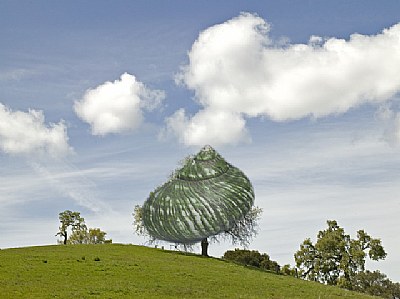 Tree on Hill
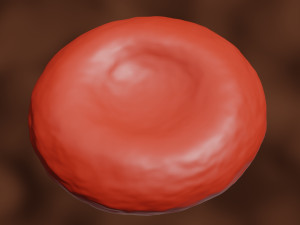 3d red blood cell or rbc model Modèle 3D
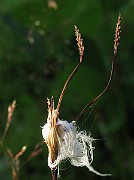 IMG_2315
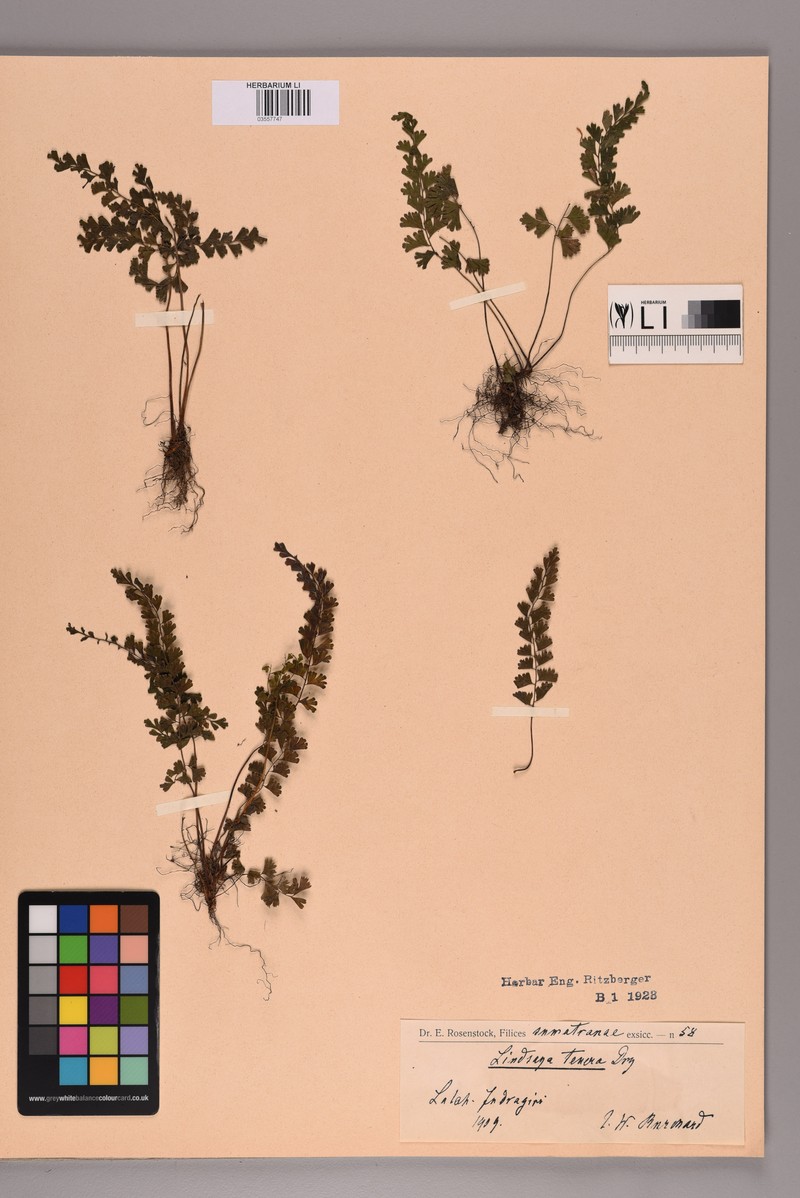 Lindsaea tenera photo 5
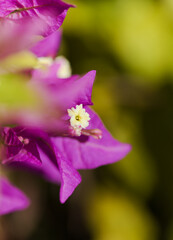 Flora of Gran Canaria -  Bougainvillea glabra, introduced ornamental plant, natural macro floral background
******
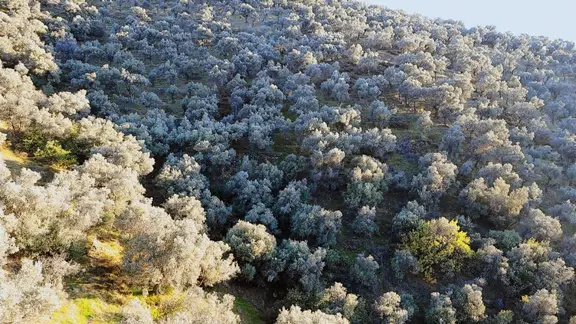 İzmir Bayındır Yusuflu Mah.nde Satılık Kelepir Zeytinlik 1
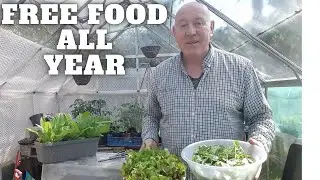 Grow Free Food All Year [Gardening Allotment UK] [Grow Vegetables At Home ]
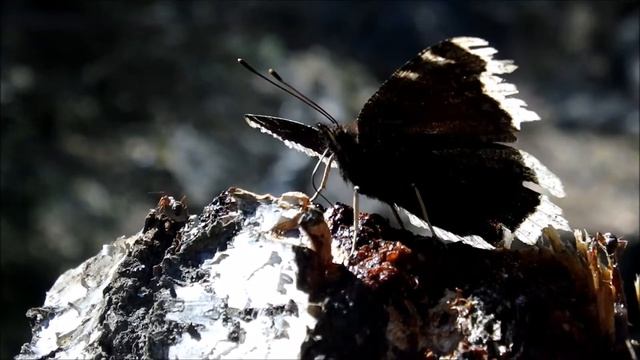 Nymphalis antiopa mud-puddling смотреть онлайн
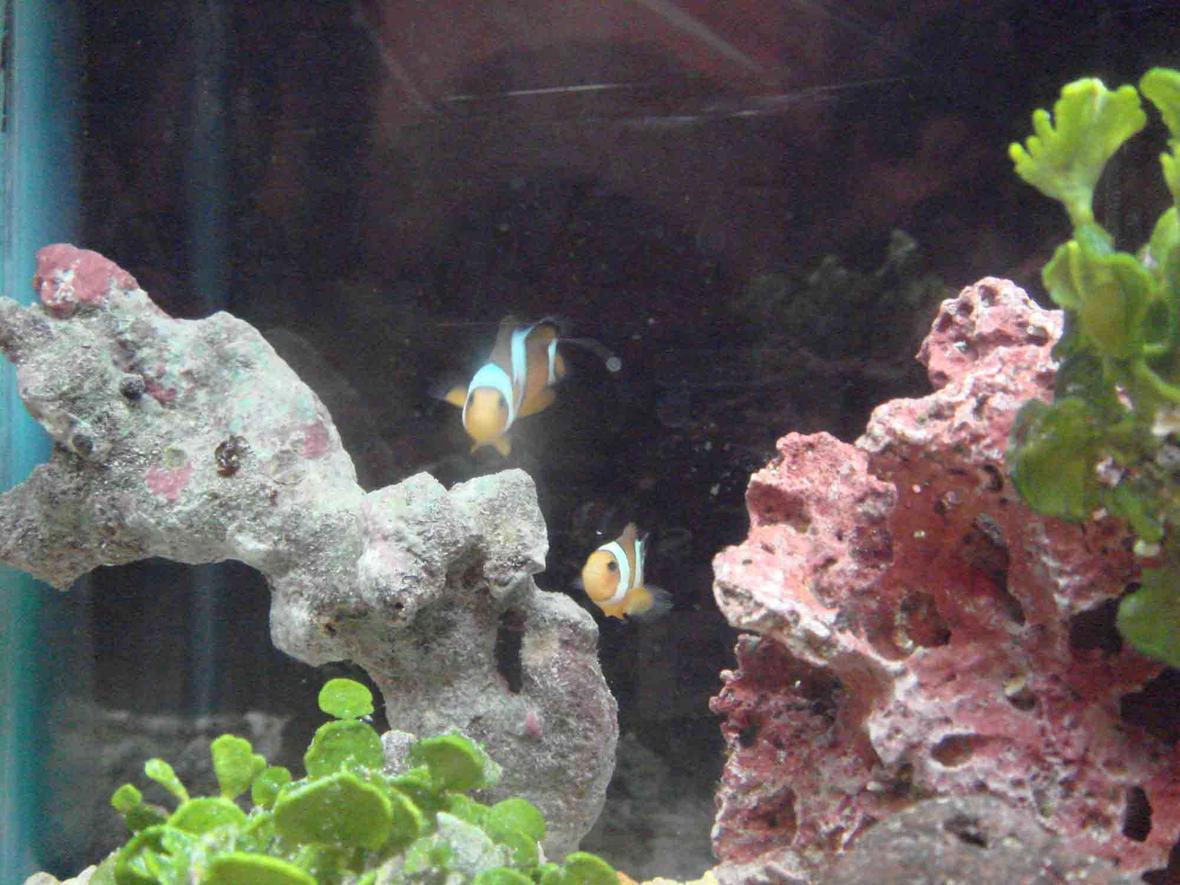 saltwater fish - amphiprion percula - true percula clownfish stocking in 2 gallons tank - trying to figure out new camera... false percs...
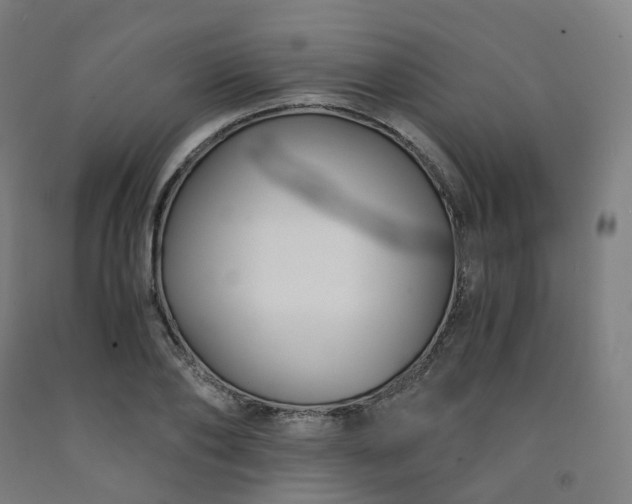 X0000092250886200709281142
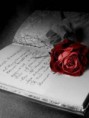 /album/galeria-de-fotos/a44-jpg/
******
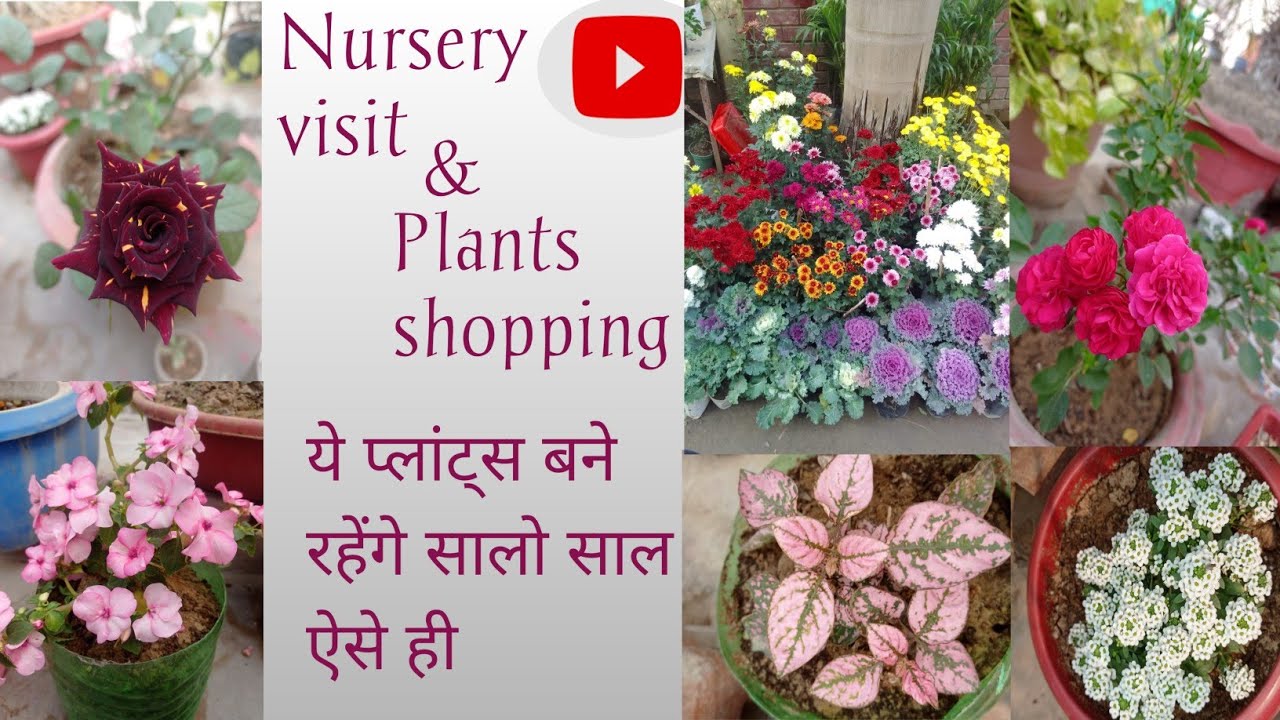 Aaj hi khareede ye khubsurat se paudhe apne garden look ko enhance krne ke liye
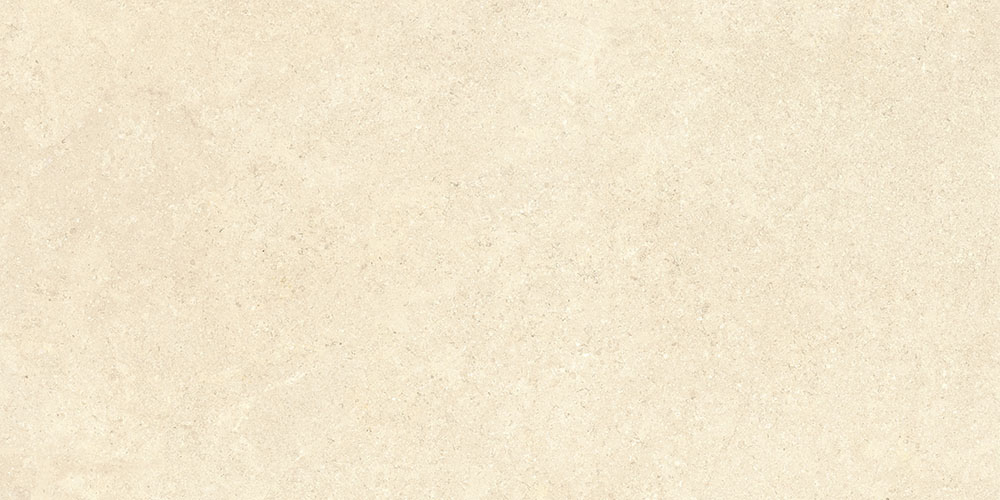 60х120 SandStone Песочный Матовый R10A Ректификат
******
■ Task item ■
In the listing above, find the line containing "3d red blood cell or rbc model Modèle 3D" and the line containing "Flora of Gran". Print those two lines and every line between them exactly, with no pictures.

■ Output for this exercise ■
 3d red blood cell or rbc model Modèle 3D
 IMG_2315
 Lindsaea tenera photo 5
 Flora of Gran Canaria -  Bougainvillea glabra, introduced ornamental plant, natural macro floral background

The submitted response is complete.